Input data:
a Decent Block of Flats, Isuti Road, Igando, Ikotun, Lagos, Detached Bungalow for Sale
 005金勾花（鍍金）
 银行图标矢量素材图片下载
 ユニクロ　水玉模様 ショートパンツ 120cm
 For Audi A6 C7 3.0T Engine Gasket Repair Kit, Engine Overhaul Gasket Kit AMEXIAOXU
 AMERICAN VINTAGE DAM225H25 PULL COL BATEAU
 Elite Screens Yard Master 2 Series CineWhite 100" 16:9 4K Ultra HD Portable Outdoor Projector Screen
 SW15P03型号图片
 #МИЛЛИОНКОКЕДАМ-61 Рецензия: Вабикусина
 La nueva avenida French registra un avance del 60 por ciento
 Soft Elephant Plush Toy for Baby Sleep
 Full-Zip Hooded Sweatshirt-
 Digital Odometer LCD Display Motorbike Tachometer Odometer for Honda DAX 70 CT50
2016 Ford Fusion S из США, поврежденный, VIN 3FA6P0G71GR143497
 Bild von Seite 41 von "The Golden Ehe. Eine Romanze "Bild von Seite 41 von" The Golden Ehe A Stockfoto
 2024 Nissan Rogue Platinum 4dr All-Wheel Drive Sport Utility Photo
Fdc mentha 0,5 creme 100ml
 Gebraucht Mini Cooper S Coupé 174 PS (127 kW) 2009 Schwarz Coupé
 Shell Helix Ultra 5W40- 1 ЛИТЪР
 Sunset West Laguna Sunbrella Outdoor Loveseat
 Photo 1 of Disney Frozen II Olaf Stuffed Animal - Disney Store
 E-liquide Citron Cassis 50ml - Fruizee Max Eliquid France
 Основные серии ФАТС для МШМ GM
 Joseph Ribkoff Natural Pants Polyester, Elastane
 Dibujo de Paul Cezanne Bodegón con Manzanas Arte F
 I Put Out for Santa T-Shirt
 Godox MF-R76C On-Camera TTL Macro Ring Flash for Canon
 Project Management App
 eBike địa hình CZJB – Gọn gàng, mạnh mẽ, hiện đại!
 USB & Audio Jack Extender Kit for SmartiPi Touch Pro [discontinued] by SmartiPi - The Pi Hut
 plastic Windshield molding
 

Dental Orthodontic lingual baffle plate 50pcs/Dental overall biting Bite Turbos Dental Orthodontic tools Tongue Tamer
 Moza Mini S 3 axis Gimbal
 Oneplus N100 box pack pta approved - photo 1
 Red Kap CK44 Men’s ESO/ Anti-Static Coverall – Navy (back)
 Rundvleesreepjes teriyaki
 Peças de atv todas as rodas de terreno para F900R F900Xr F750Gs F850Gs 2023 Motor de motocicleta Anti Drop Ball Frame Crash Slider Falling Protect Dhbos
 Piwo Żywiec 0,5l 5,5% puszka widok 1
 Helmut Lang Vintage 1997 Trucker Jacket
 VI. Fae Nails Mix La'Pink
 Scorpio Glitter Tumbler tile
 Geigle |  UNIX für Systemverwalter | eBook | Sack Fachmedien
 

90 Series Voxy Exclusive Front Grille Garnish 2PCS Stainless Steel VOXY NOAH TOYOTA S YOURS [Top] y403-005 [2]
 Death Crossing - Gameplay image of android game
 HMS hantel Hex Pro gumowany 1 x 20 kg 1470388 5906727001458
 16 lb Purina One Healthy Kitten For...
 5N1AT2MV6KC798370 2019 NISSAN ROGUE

What you are asked to do: Please return all lines in the material above that include the word "Outdoor".

Expected answer:
 Elite Screens Yard Master 2 Series CineWhite 100" 16:9 4K Ultra HD Portable Outdoor Projector Screen
 Sunset West Laguna Sunbrella Outdoor Loveseat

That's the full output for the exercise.